The files were reportedly sent over with no protective orders or written confidentiality agreement between the lawyers. The Times also noted that the documents, which were not filed in court, could legally be released or included in Sinderbrand's legal filings that would then become public record.

Aaron Zeisler, one of Sinderbrand's lawyers, said his client intended to keep the material "secure and confidential".

"We are continuing to evaluate his legal rights and responsibilities," Zeisler said. "Wells Fargo has not identified what specific documents it asserts were inadvertently exposed."

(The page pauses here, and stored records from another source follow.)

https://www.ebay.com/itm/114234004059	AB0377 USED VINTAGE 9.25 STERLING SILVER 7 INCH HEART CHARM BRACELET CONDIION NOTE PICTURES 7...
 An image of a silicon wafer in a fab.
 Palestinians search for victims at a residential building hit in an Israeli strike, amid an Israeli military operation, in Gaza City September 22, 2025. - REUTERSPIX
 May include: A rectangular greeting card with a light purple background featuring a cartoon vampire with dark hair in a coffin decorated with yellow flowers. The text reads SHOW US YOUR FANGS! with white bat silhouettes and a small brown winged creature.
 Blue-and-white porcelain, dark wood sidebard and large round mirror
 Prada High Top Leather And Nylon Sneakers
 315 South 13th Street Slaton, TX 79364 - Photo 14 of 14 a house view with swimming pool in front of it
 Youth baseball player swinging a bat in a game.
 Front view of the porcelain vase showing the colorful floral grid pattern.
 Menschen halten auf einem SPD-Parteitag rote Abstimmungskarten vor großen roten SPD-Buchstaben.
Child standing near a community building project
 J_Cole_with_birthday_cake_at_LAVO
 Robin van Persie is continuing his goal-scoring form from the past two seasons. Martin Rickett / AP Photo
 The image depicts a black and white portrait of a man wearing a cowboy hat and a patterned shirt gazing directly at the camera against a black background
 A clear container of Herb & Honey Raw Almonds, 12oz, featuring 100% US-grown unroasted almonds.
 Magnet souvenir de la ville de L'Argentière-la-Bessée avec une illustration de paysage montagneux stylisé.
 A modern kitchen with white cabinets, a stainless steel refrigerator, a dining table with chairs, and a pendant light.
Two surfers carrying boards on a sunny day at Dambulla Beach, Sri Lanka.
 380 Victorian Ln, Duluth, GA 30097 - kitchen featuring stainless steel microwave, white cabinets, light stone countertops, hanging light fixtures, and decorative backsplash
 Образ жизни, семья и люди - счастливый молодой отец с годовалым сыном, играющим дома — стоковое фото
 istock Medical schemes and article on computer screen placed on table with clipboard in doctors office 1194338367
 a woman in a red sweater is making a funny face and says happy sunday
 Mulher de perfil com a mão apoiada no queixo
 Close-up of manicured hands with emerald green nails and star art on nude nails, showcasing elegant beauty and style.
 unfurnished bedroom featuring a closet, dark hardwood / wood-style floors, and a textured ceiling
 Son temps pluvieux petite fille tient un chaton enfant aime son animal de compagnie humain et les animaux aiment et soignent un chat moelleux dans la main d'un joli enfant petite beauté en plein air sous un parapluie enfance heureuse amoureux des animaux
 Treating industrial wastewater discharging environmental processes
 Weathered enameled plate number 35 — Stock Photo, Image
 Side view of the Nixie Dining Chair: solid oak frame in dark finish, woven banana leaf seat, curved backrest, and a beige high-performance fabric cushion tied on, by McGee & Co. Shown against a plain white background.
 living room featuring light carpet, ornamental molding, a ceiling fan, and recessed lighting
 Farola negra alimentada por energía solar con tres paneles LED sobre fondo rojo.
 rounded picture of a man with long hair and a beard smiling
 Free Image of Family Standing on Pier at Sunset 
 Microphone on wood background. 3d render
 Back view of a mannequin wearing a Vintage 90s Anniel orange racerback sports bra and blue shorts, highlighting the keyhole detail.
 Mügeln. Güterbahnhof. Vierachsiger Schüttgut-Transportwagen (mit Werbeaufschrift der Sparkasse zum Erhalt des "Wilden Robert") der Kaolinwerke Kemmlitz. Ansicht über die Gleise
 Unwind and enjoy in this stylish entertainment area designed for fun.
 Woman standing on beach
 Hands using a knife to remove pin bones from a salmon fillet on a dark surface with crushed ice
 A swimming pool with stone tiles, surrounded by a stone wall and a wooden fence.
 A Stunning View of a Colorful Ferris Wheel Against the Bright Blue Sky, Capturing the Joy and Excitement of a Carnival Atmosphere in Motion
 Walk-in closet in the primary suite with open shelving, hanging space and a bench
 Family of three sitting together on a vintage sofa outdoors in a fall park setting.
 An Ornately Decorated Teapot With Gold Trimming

NYT reports that the disclosure could be classified as a data breach that violates state and federal consumer data privacy laws. Wells Fargo will also be required to notify the affected customers whose data was inadvertently exposed.

The latest incident comes amid serious digital security concerns over increasingly frequent and sophisticated cyberattacks and data breaches, accidental data leaks and sensitive personal data potentially being exploited by threat actors.

IBTimes UK has reached out to Wells Fargo for comment.

"Wells Fargo takes the security and privacy of our customers' information seriously," a bank spokesperson told Bloomberg. "The information was provided in response to a subpoena issued in connection with a lawsuit and delivered to an attorney. We will determine whether any information was inadvertently provided and will take the proper steps based on the outcome of our investigation."